Keberadaan organisasi kemasyarakatan (Ormas) dinilai telah menganggu investasi di Indonesia. Terutama akibat tindakan premanisme terhadap pelaku usaha. Direktur Eksekutif Celios, Bhima Yudhistira, menyebut keberadaan oknum ormas nakal sangat berpengaruh pada minat investasi ke Indonesia.
"Itu (ormas) masuk list masalah terbesar berusaha di Indonesia kategori Crime and Theft atau kriminalitas yang tinggi," tuturnya.
Saat memberikan pernyataan, seperti dikutip dari kompas.com, Minggu 16 Maret 2025 Bhima mencontohkan, ormas nakal dapat mengganggu distribusi barang dari kawasan industri menuju pelabuhan. Akibatnya, pelaku usaha harus membayar jasa keamanan, pungutan liar (pungli), maupun tunjangan hari raya (THR) ke ormas.

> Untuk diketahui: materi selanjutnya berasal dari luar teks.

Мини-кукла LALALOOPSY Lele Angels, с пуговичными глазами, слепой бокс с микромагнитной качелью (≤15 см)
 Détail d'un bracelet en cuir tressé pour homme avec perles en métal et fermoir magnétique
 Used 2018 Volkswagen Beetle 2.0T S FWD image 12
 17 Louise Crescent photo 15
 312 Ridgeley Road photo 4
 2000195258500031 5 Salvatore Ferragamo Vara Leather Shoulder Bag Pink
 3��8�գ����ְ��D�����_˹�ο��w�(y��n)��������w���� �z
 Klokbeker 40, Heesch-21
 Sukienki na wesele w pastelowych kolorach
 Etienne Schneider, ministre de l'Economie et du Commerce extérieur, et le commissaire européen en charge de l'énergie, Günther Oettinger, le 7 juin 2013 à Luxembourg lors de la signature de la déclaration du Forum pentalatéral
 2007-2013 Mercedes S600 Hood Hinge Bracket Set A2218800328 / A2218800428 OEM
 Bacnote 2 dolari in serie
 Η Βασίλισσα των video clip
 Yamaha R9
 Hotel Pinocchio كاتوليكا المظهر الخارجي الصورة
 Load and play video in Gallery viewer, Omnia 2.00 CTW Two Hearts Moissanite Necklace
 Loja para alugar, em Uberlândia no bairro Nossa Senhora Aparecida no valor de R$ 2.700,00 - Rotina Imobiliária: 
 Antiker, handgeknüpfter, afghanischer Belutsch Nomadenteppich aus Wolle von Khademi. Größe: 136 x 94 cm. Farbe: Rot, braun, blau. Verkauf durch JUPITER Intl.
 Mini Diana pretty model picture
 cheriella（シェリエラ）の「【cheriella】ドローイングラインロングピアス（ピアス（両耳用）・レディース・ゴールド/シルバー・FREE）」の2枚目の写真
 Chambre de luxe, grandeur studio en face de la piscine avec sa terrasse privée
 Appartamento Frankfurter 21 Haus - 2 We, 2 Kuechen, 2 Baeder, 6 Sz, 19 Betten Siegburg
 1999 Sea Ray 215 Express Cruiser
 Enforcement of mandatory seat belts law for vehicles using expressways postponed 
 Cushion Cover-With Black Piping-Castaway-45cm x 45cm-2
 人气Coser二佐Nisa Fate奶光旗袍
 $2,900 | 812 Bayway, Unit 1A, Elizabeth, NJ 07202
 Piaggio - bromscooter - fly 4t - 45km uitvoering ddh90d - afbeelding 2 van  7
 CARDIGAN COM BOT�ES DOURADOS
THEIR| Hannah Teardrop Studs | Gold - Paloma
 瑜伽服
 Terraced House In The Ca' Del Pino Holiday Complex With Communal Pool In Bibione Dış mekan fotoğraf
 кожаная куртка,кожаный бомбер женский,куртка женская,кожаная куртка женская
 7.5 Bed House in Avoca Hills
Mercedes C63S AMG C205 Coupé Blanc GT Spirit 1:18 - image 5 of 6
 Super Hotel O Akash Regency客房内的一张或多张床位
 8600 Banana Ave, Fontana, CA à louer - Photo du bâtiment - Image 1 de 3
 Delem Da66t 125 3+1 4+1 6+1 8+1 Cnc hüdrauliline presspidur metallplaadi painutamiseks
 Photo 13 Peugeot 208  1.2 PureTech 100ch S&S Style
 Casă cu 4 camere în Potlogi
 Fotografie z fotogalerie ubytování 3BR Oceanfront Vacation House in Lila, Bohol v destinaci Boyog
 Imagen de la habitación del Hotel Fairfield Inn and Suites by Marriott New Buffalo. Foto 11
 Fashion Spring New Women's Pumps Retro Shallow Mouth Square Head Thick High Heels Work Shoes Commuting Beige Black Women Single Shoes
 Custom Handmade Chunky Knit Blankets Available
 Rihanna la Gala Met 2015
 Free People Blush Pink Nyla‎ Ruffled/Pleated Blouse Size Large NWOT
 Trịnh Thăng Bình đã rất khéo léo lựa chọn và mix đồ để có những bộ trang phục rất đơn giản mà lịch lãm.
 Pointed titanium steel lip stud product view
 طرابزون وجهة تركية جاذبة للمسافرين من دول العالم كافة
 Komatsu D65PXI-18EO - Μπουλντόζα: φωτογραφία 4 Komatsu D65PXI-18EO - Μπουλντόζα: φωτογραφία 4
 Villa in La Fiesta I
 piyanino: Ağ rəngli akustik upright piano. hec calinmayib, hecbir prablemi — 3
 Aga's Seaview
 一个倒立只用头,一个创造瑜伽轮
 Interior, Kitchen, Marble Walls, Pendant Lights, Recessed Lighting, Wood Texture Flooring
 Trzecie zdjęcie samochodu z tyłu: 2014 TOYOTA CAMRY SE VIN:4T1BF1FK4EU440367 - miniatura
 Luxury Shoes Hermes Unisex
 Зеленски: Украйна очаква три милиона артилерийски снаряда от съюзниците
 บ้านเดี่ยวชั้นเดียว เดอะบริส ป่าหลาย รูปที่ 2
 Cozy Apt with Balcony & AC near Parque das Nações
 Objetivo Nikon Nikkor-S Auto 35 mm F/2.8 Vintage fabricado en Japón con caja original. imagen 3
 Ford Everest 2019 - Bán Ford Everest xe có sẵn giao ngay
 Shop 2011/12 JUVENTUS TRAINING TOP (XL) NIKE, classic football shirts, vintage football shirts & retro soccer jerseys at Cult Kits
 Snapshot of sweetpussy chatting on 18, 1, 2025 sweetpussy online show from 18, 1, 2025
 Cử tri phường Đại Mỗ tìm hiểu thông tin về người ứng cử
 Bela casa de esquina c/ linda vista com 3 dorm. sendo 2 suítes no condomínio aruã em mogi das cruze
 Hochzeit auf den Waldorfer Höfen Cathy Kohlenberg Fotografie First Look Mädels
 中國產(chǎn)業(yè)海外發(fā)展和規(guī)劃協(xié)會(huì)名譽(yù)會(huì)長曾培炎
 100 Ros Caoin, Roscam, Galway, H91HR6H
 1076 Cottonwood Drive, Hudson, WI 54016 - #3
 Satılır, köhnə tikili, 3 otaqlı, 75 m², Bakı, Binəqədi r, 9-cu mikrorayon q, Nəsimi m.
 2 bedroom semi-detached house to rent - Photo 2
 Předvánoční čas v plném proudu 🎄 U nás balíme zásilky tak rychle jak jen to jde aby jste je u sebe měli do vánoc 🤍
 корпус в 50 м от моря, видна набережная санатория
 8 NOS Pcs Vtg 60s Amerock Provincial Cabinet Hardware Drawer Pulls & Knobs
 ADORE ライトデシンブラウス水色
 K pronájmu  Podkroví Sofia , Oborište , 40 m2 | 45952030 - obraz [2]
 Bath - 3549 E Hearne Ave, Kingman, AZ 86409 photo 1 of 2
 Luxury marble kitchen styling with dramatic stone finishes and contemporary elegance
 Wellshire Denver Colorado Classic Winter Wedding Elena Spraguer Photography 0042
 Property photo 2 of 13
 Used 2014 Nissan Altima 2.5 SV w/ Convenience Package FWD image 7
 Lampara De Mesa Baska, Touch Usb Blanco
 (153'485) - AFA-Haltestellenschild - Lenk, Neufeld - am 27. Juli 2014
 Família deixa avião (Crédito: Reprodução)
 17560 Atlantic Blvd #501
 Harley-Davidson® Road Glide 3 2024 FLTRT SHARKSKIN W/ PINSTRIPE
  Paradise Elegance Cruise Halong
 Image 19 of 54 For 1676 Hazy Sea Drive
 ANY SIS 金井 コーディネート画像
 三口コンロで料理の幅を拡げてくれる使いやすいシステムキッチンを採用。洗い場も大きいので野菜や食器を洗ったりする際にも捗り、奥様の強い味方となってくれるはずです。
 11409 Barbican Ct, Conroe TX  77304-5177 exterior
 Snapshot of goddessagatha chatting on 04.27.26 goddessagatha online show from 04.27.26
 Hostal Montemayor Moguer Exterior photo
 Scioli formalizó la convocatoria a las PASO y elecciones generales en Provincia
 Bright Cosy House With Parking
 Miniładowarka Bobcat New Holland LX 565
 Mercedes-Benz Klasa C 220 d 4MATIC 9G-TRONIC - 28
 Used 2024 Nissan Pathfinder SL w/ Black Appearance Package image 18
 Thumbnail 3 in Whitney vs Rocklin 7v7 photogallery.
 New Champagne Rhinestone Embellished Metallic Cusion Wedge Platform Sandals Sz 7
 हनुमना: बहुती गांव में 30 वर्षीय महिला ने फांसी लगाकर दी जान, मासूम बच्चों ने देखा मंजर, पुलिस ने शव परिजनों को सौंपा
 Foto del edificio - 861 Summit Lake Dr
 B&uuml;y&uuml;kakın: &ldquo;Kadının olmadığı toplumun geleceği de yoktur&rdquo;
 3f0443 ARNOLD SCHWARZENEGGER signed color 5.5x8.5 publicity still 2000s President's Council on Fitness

Ada juga ormas yang menuntut perusahaan menyerap tenaga kerja dari anggota-anggota kelompok mereka. Padahal, mereka tidak punya kualifikasi yang dibutuhkan perusahaan.
"Situasi ini membuat investor tidak nyaman, akhirnya biaya siluman terlalu tinggi dan memutuskan untuk relokasi ke negara lainnya," ujarnya.
Bhima menjelaskan kondisi tersebut bisa berimbas ke angka Incremental Capital Output Ratio (ICOR) tinggi di atas enam. Hal ini membuat daya saing Indonesia rendah.
Incremental Capital Output Ratio adalah rasio yang menunjukkan besaran tambahan modal yang dibutuhkan untuk menghasilkan satu unit tambahan output.
Premanisme di Indonesia menurut Bhima, bahkan lebih parah ketimbang Vietnam. Pemerintah negara tersebut hanya memberikan sedikit ruang bagi ormas. Sedangkan di Indonesia justru ormas justru dimanfaatkan menjadi tim sukses saat pemilihan umum, maupun dukungan bagi politikus lokal.
"Di Vietnam, ruang bagi premanisme dan ormas sangat sempit karena pemerintahnya cukup tegas melakukan monitoring dan penindakan terhadap segala bentuk penyuapan atau pungli ke ormas," imbuhnya.
Selain Keberadaan ormas nakal, minat investor ke Indonesia rendah karena faktor lain seperti maraknya korupsi dan ketidakpastian kebijakan pemerintah.
Keresahan akan keberadaan ormas sebelumnya pernah disampaikan Ketua Umum Himpunan Kawasan Industri (HKI) Indonesia Sanny Iskandar. Menurutnya aksi premanisme yang dilakukan ormas telah membuat negara rugi ratusan triliun rupiah akibat batalnya investasi.
"Kalau dihitung semuanya, ngitungnya bukan cuma yang keluar, tapi yang nggak jadi masuk juga. Itu bisa ratusan T (triliun)," katanya.
Saat berbicara dalam tayangan di Kompas TV, Kamis 6 Februari 2025, Sanny menyebut aksi premanisme ormas telah menganggu keamanan kawasan industri. Aksi demonstrasi seringkali dilakukan dengan menutup jalan di depan pabrik yang menyebabkan jalur distribusi bahan baku dan barang jadi terhambat.
Gangguan ormas juga dalam bentuk memaksa ikut membangun atau bekerja di pabrik. Anggota ormas juga kerap meminta uang transportasi, katering, atau membeli sesuatu dari pihak pabrik.
Sanny mencontohkan anggota salah satu ormas bersragam loreng yang bahkan sampai menyegel pabrik di kawasan industri. Hal ini dinilai meresahkan pelaku industri.
Beberapa kawasan yang menjadi langganan aksi premanisme ormas menurut Sanny adalah Bekasi, Karawang, Jawa Timur, dan Batam menjadi salah satu kawasan yang raman premanisme ormas.